We applied three different models.

- Meta-Learner (S-Learner): - Trains a single regression model with Promotion as a feature. - Predictive simulations to estimate expected sales for each store under each promo.

- T-Learner: - Builds three separate models (one per promotion) for counterfactual prediction in each segment.

- Heterogeneous Treatment Effects (HTE): - Computes and visualizes differences in predicted sales when switching promotions, by segment. - Treatment effect plots help understand where one promo outperforms another.

What did we learn from Uplift Modeling?

It made it possible to simulate “what if” scenarios: What would have happened in each store if we had run a different promotion?
We found that tailored promotions didn’t beat the best overall promotion: Even though uplift modeling helps find local “winners” in some segments, the overall gain from segment-specific strategies was tiny so complexity wasn’t warranted.
It identified clear losers: Promotion 2, for instance, had negative uplift for every segment, so we could avoid it entirely.

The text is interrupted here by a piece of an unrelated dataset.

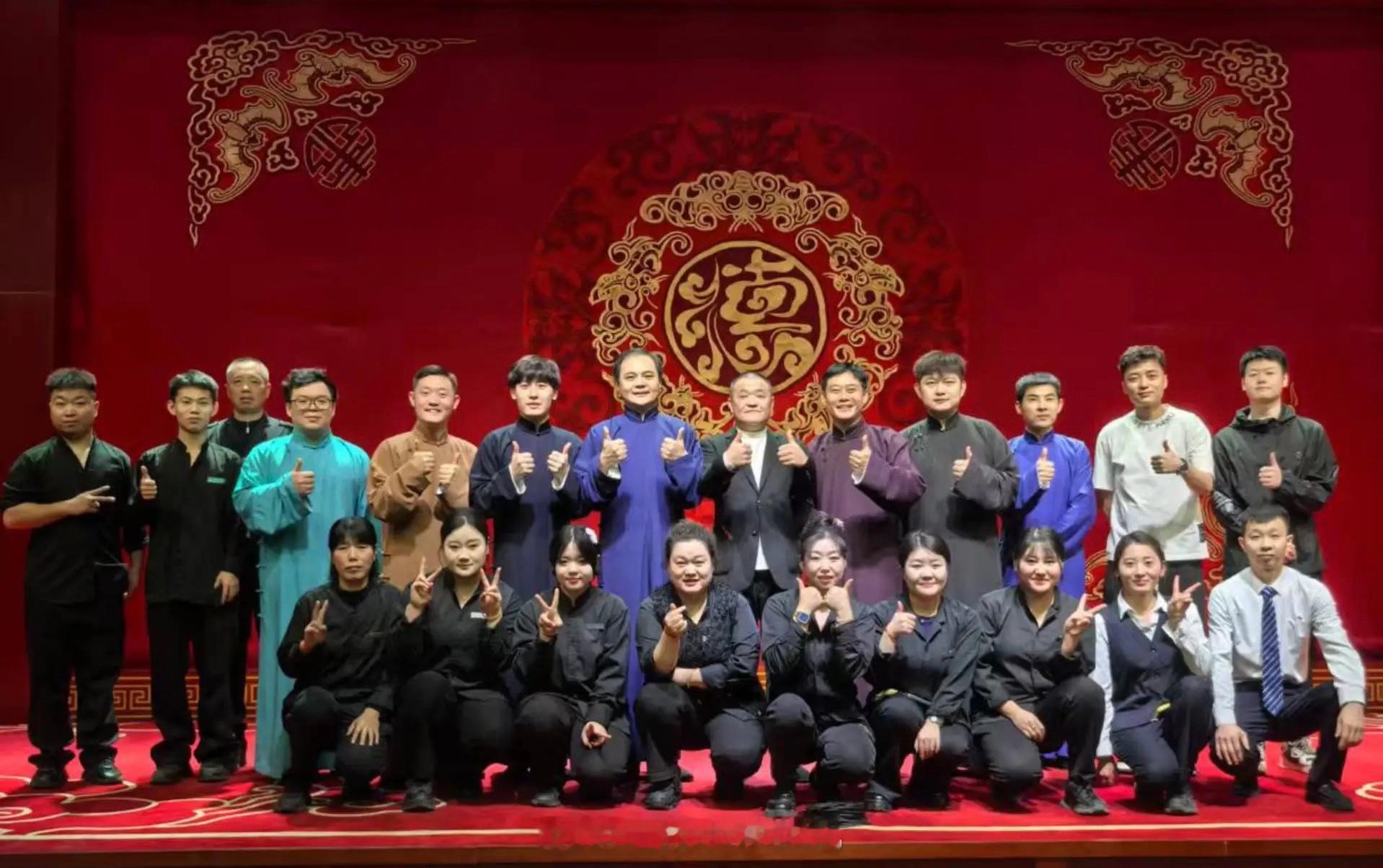 “他的代表作：《四字联音》、《武训徒》、《挪桌子》[doge]…”（然后俩人一起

Why is Uplift Modeling important?

Focuses your resources on where interventions (like promotions) will truly change behavior, not just on people who always buy anyway.
Prevents waste: You avoid spending on customers who won’t respond, and don’t risk irritating those who might react badly to a promotion.
Gives clear evidence-based strategies: Rather than just guessing or relying on averages, decisions are driven by predicted cause-and-effect.

Conclusion

Promotion 1 is the top performer consistently delivering the highest sales across nearly all store ages and market sizes.
Promotion 2 performed poorly everywhere and should be avoided.
Promotion 3 had some minor advantages in select segments but not enough to justify a complex, segmented approach.
Uplift modeling did not provide better results than simply using the best overall promotion. However, it is still valuable because it identifies where targeted strategies might work, exposes promotional “losers,” and ensures you’re not wasting resources on ineffective campaigns. Uplift modeling also gives clear, evidence-based insights for decision-making preventing costly mistakes and improving future strategies.
Key takeaway: Stick with Promotion 1 for simplicity and strong results, but keep leveraging uplift modeling for ongoing evaluation to spot opportunities and avoid ineffective promotions.